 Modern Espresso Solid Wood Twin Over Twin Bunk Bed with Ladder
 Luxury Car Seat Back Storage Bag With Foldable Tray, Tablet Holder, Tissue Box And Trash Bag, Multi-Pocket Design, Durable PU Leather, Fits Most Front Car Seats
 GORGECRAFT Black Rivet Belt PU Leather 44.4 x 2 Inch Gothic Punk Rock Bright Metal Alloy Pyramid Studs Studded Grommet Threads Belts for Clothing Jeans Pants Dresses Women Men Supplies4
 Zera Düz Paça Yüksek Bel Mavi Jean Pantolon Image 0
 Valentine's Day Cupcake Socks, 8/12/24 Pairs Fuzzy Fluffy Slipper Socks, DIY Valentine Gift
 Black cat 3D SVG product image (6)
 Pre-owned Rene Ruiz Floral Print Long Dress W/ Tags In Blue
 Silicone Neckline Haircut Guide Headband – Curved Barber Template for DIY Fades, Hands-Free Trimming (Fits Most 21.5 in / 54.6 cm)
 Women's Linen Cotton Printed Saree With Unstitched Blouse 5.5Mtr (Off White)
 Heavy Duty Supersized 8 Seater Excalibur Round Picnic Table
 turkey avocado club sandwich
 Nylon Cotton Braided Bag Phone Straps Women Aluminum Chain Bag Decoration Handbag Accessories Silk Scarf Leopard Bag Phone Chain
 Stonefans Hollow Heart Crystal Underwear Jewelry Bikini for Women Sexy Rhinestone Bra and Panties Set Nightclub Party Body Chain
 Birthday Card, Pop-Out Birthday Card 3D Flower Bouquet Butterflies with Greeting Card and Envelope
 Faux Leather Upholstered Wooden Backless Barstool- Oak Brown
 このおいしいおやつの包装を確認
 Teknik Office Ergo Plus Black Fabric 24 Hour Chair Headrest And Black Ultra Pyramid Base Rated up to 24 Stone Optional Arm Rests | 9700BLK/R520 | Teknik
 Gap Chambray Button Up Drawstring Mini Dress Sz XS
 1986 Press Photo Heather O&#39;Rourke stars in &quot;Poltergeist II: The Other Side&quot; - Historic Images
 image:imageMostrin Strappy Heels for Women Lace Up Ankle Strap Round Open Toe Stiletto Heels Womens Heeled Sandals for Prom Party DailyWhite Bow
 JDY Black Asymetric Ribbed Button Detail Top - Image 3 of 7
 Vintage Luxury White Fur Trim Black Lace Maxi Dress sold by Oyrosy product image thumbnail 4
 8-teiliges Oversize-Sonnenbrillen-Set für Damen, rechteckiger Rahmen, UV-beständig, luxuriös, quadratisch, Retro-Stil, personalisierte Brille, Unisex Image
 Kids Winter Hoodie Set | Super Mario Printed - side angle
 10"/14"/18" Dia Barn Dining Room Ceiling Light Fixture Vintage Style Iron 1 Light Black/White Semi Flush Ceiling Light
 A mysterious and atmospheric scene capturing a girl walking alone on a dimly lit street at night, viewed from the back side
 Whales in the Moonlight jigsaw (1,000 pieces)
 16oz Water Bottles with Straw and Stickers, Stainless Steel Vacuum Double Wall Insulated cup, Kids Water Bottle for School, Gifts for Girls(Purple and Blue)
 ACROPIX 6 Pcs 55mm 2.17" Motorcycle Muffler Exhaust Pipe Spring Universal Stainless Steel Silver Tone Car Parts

▸ TASK PROMPT: Check each line of the data above for the word "Blue" and state how many lines contain it, with no other text.

▸ EXERCISE RESPONSE: 2